Please correct me if I’m wrong. The way I understand real to real invariant is that quantization operations are carried in fp32. If scale and zero point are also in fp32 then, all quantization operations being linear, no error, fully invariant. Once you start using lower bit representation, invariant doesn’t hold.

electriclilies · May 7, 2021, 6:23pm

@mikeseven I think the real to real invariant strictly refers to the inputs and outputs of the QNN ops, not what is happening inside. Specifically, we’re talking about whether we have scaled and shifted (regardless of dtype). So in the “real to real” invariant, unscaled data would come in to QNN ops with the quantization parameters, be quantized within the QNN op, the operator would do stuff in affine space, then the output would be scaled and shifted back into real space. Essentially we’d be pushing qnn.quantize and qnn.requantize into the qnn.conv2d, qnn.dense, etc.

However, after some offline discussion, @AndrewZhaoLuo and I are not actually sure if that is the best approach because it makes quantizing weights ahead of time difficult and also introduces complexity into how we link up the QNN ops.
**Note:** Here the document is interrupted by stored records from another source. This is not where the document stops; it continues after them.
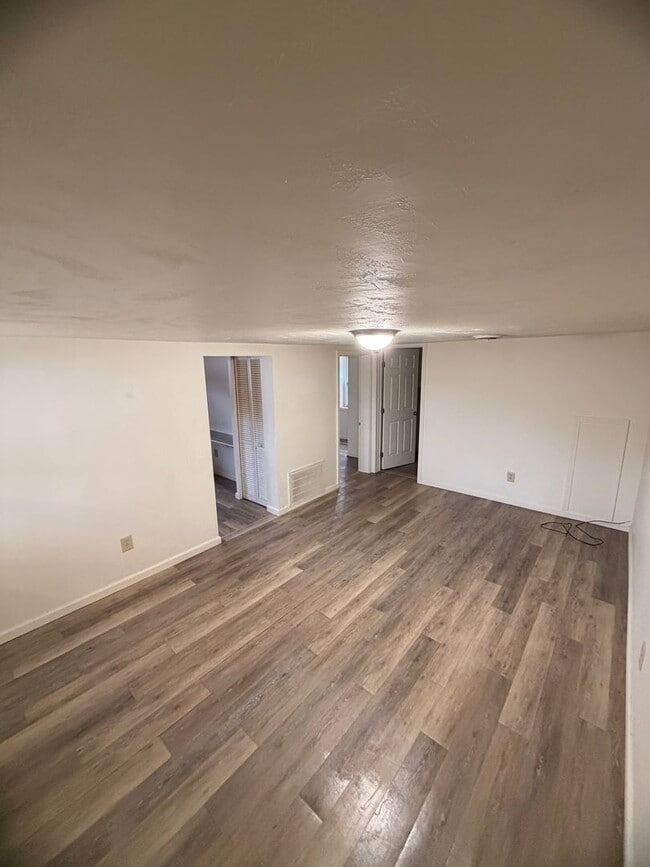 Photo - 4955 Bull Creek Rd Unidad 2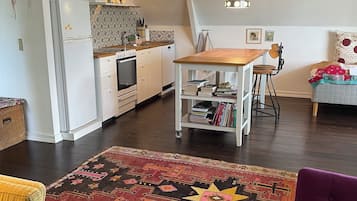 Family Apartment | Private kitchen | Shared fridge
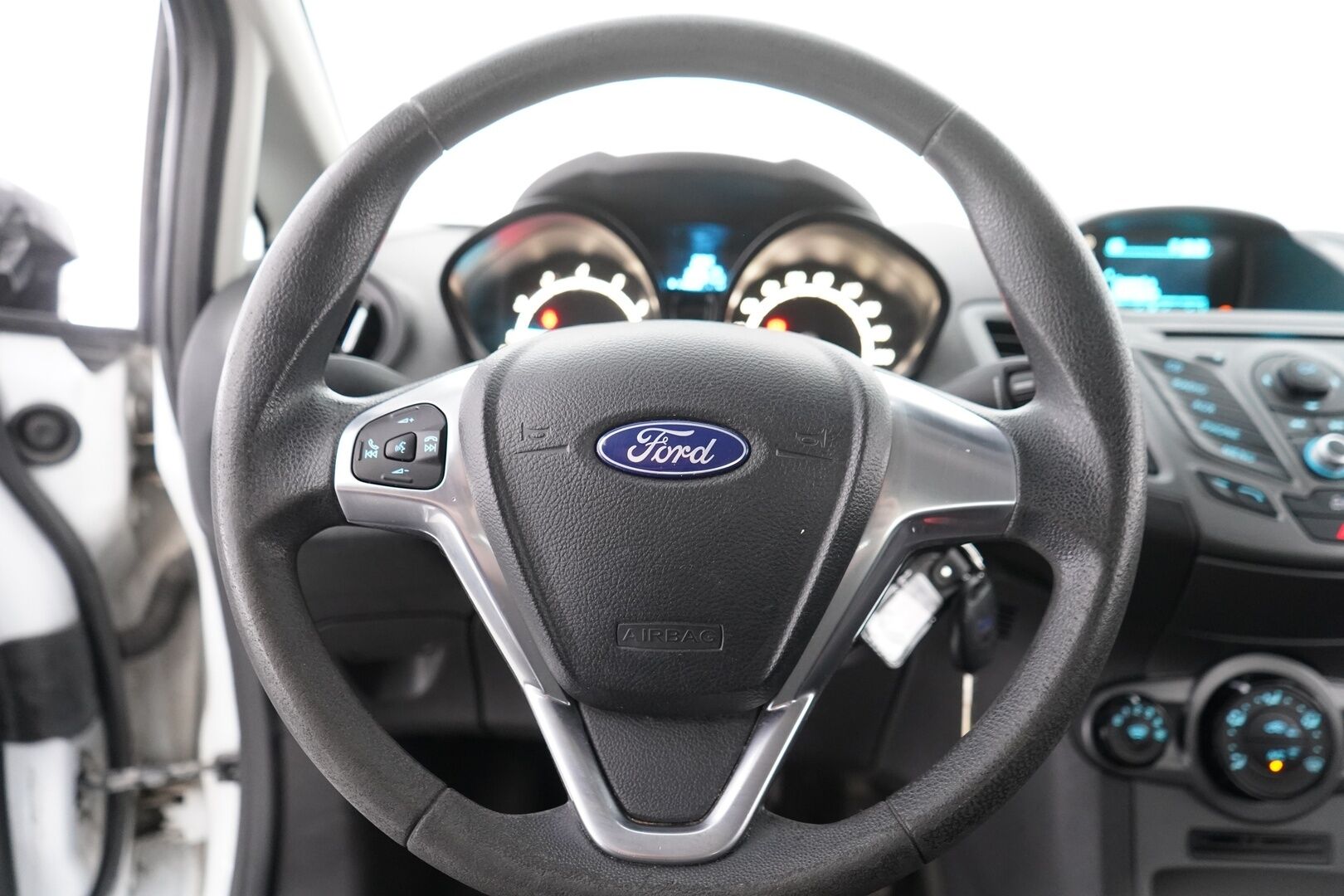 Ford Fiesta Van 2014 1.25 82hv Trend *Myydään huutokaupat.com sivulla*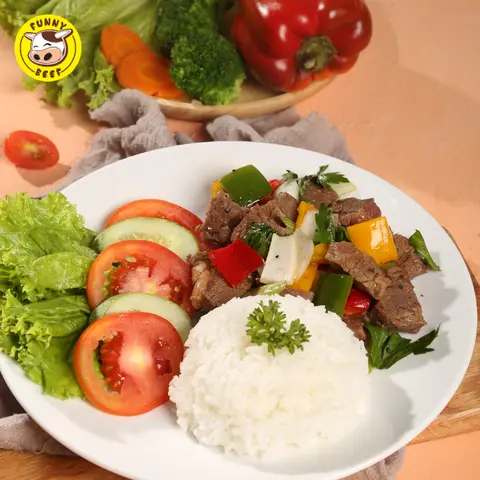 Hình ảnh Cơm bò lúc lắc (100gr bò mỹ) (steamed rice and shaking beef)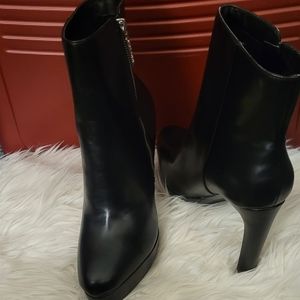 Guess boots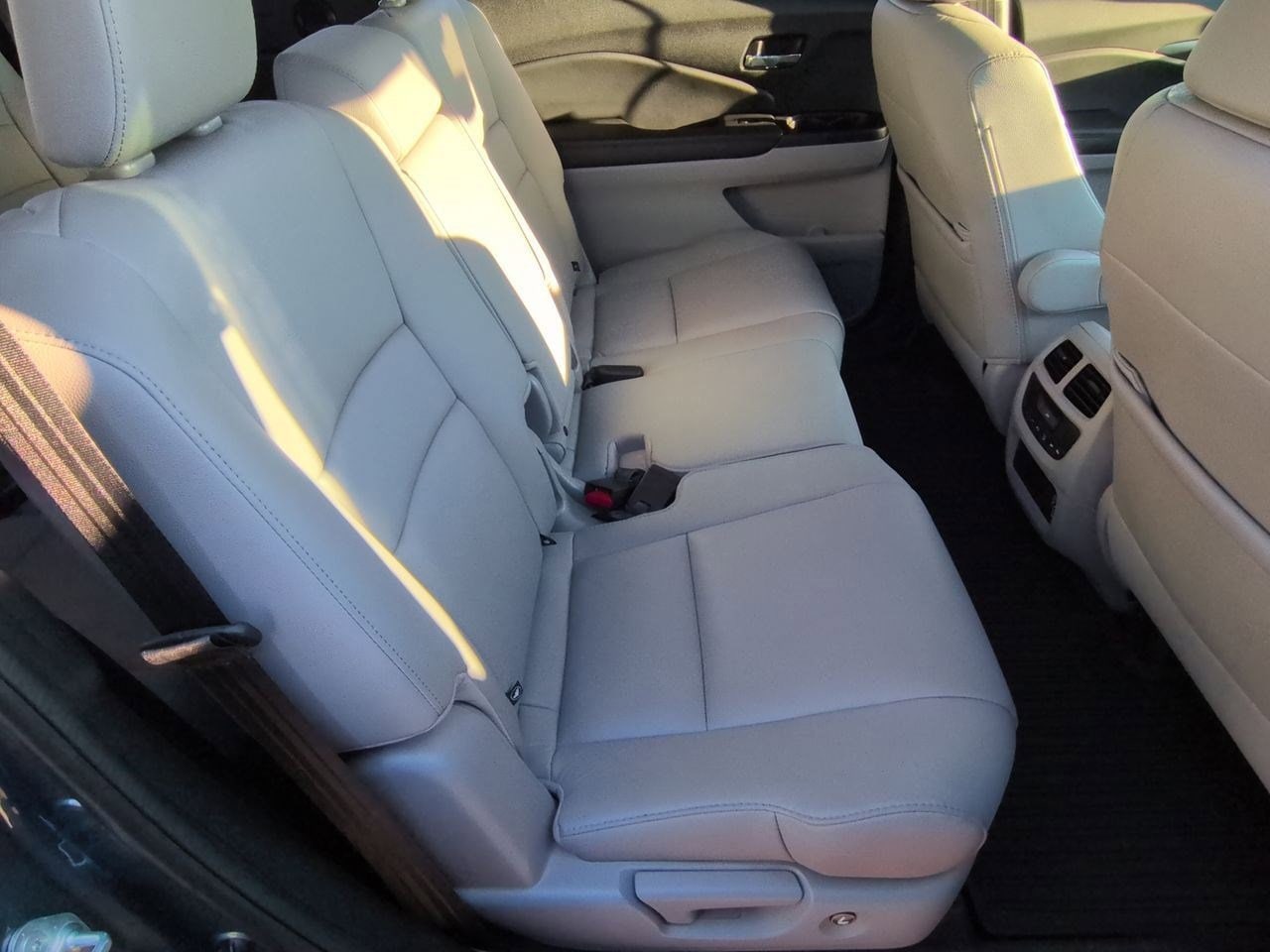 Thumbnail: 2022 Honda Pilot - 21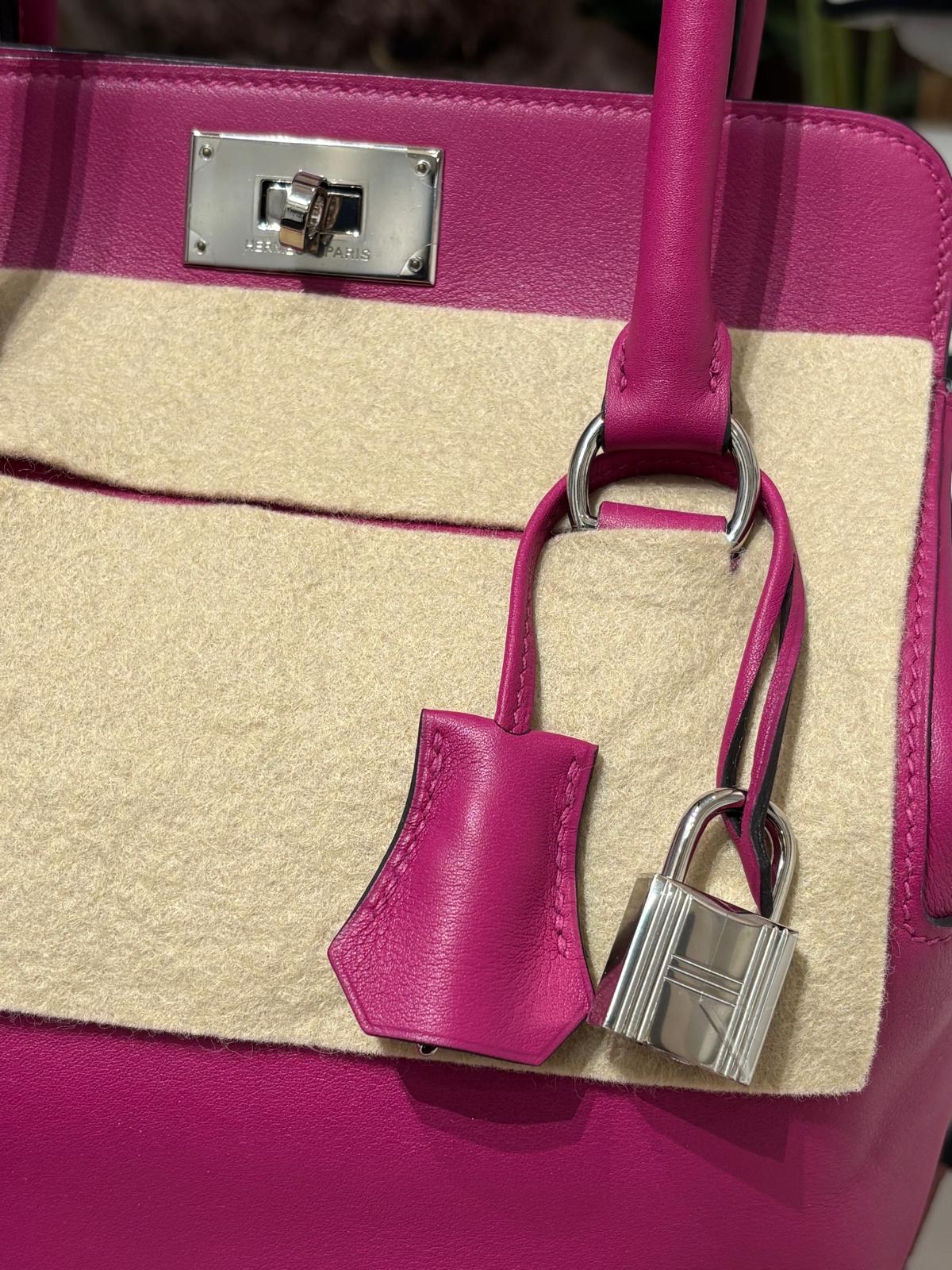 HERMES TOOLBOX 20,L3,EVERCOLOR Stamp A 100%Authentic ,98%new ✅Key lock✅strap ✅dust bag  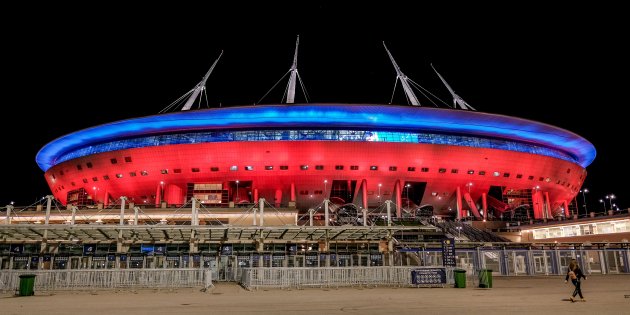 The conflict between Russia and Ukraine reaches football and threatens the Champions League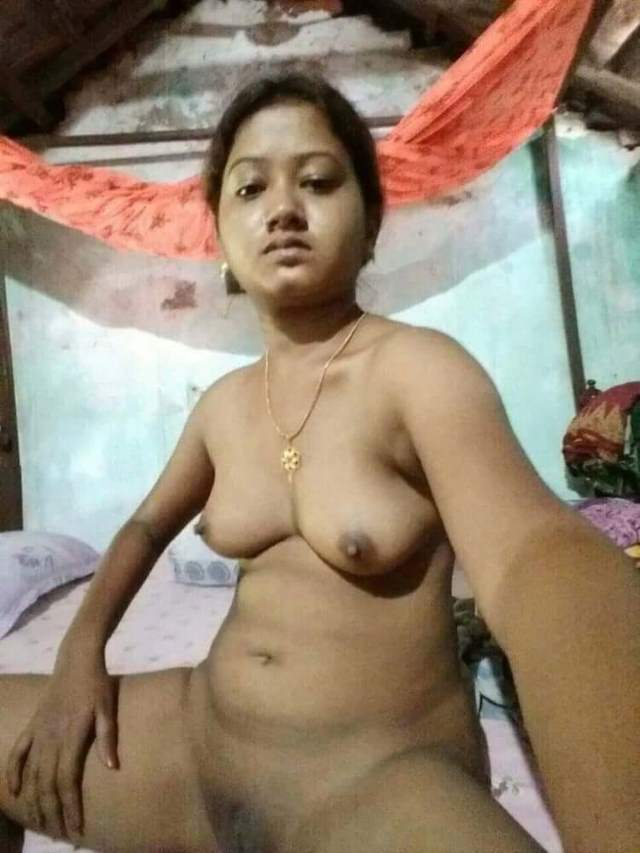 chut dikhati indian girls ki desi porn pics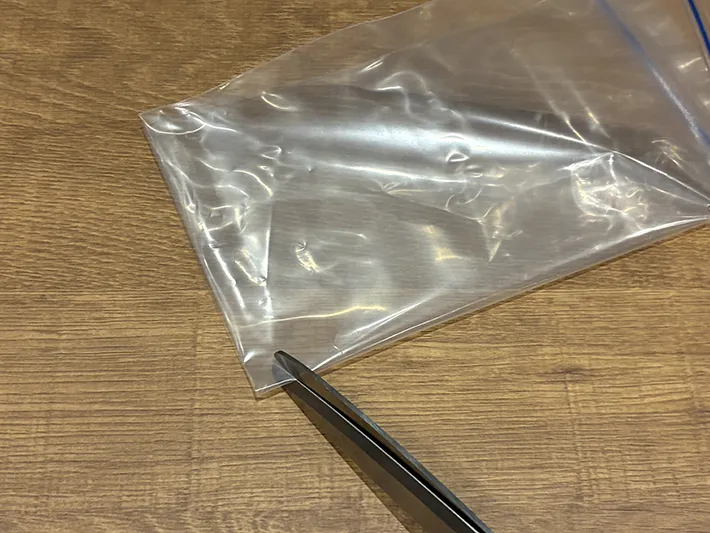 ジッパー袋の下を切る場面（撮影：grape編集部）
Given the depth of the discussion here and the large search space, maybe we should have an RFC to discuss the changes to QNN and what makes the most sense.

PeiqinSun · October 8, 2022, 9:31am

Thanks for your great work! I have a question that has anyone converted an ONNX with Q/DQ to RFC directly? Maybe any suggestions are given to me?

kuladeepmarupalli · January 12, 2023, 8:47am

Hi @electriclilies,

Thanks for the detailed post. Are the remaining 3 parts of the RFC posted somewhere as well?

Thanks in advance!

masahi · January 12, 2023, 8:12pm

No, there is no update on this initiative.